I can't imagine why everyone gets their panties in a bunch over speed tests for browsers. I use FF mostly and IE occasionally. On any reasonable site, the screen simply flashes up instantly, so I'm at a loss as to why it's such a big deal. I'd much rather have functionality than bare bones raw speed.


----------



## RootbeaR (Dec 9, 2006)

JohnWill said:


> I can't imagine why everyone gets their panties in a bunch over speed tests for browsers. I use FF mostly and IE occasionally. On any reasonable site, the screen simply flashes up instantly, so I'm at a loss as to why it's such a big deal. I'd much rather have functionality than bare bones raw speed.


Ditto, I haven't even tried Chrome yet as I don't see the need. Already using Firefox and Opera.
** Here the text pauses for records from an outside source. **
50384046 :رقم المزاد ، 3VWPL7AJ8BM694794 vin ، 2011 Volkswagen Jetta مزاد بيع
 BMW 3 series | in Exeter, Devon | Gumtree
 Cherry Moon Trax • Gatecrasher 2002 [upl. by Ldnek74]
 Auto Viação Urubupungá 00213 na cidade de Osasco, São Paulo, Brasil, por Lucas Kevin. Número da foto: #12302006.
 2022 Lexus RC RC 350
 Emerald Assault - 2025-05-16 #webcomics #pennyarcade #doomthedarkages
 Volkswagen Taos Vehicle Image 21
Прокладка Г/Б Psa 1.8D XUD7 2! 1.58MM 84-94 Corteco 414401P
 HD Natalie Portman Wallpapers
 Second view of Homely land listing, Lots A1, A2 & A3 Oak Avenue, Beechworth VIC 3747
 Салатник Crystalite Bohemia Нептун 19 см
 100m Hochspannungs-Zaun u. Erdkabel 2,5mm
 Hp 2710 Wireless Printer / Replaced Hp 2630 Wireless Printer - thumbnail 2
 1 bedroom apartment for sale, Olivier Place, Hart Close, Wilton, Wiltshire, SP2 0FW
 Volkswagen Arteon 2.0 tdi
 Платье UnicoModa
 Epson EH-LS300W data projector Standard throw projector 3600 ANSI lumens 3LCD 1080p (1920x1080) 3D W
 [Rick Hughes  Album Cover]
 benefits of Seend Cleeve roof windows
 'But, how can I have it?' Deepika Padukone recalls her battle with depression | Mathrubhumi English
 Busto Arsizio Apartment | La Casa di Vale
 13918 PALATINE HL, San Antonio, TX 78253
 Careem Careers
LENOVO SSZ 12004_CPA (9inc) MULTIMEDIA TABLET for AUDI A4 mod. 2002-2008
I did find it interesting the differences in the graph comparing them on 7 & Vista. Wish XP had been included.


----------



## JohnWill (Oct 19, 2002)

I have FF and IE to fall back on. I've never needed another browser, and if FF isn't fast enough on a quad-core machine, I'll be going back to stone tablets and chisels! 

I've grown addicted to the plug-ins for FF, and since Chrome still doesn't have that feature and a lot of 3rd party development, I can pass it by.


----------